This does not have to be. The city’s transportation agency hopes to reduce car trips from 1.7 to 1.6 million by 2018, a modest goal but barely holding the line. Reducing existing car trips by 100,000 while also adding thousands upon thousands of housing units and jobs, most coming with more parking, will quickly undo this humble ambition. The city can do more and the data shows us that there are many opportunities.

Consider that 68 percent of car trips within San Francisco are less than three miles. That’s 650,000 car trips per day that are generally pretty short — with a bicycle it’s less than a half-hour ride on relatively even terrain. If the city were able to get half of those car trips to switch to bicycle trips, it would be well on its way to averting carmageddon.

A more ambitious goal, increasing cycling to 20 percent of all trips, is the official city policy adopted by the Board of Supervisors. That’s 500,000-600,000 trips by bicycle every day, most of which can take place within that three-mile range, especially if cleverly arranged “wiggles” (level routes circumventing steeper hills) are laid out on the most logical corridors. But to carry that many cyclists, real space has to be allocated for them.

Out at San Francisco State University, where I teach a new Bicycle Geographies course that aims to increase cycling to the campus, there is tremendous opportunity to shift these kinds of short trips to bicycling.
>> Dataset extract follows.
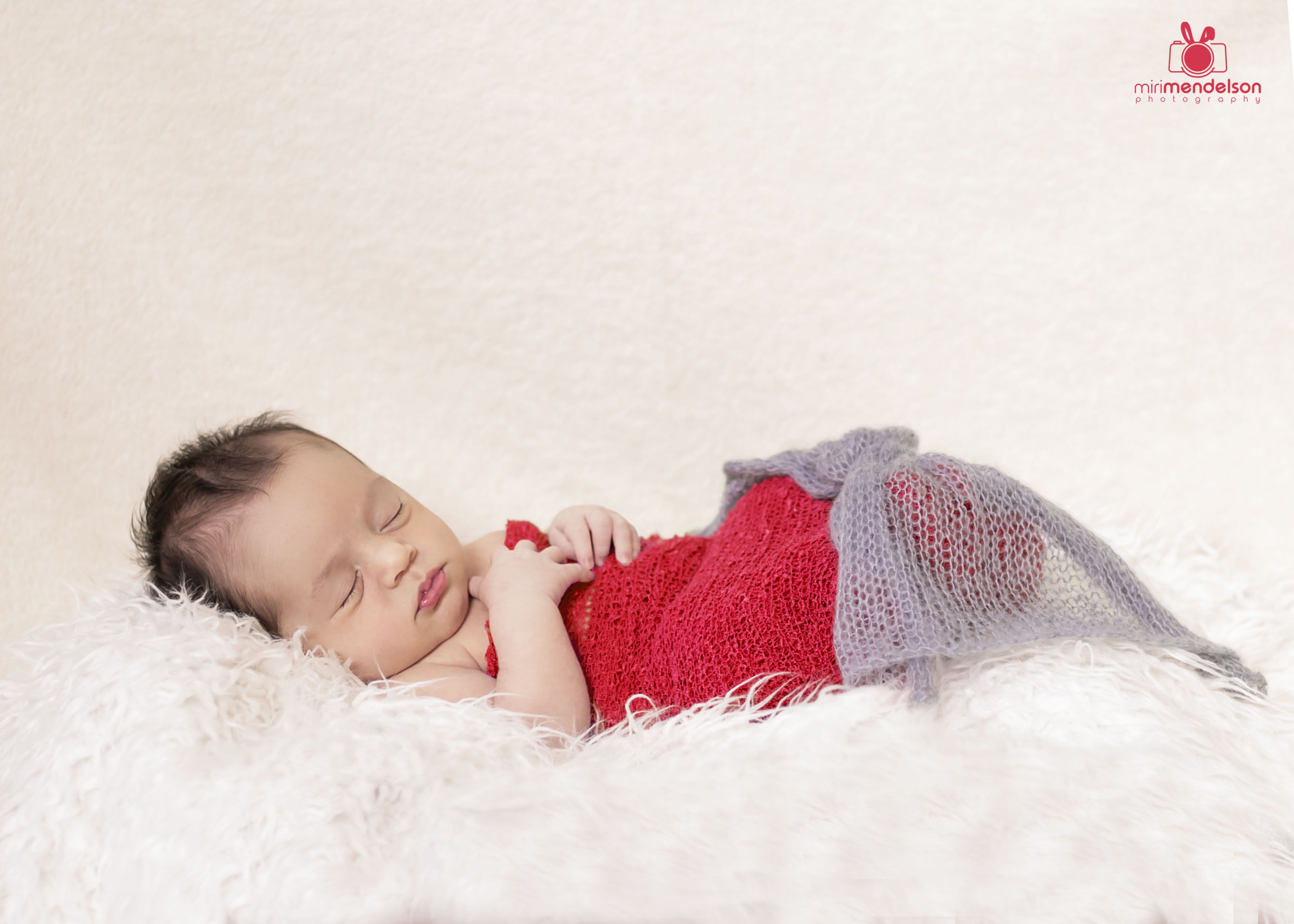 IMG_3343 גרסה 1.jpg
For students, faculty, and staff, bicycling is compatible with rapid transit, particularly for the “last mile” segments, such as between BART and SF State.

Bicycling is also a way to relieve local bus and light rail transit crowding — the 28 bus line on 19th Avenue, for example, is often jam packed and the city has only modest goals to improve that key line. Unlike transit or highways, bicycles do not require costly, long-term capital investment or operating funds and so can be deployed much more quickly.

It will be decades and cost hundreds of millions to improve the M-line, only now in the planning phase. We can lay down cycletracks much more quickly. Bicycling is also among the most equitable forms of urban transportation because it is affordable and accessible to almost everyone. This is obviously relevant to working-class students at SF State.

SF State has a memorandum of understanding with the city that obliges the university to reduce drive-alone automobile trips to campus, and the campus will not build any more car parking. With 4 percent of commute trips to SF State by bicycle (and only 2 percent among faculty) there is potential to increase the mode-share of bicycling as a path to reducing greenhouse gas emissions and auto trips.

The spatial proximity to Daly City and Balboa Park BART stations, as well as the Excelsior and Sunset, all under three miles from campus, means that the bicycle is well-suited to be a substitute for many short-range automobile trips and help the campus meet its goals. Yet what my students have found this semester is that it is all but impossible to bike safely to and from SF State, and the southwestern quadrant of San Francisco is largely left out of current bicycle planning in the city.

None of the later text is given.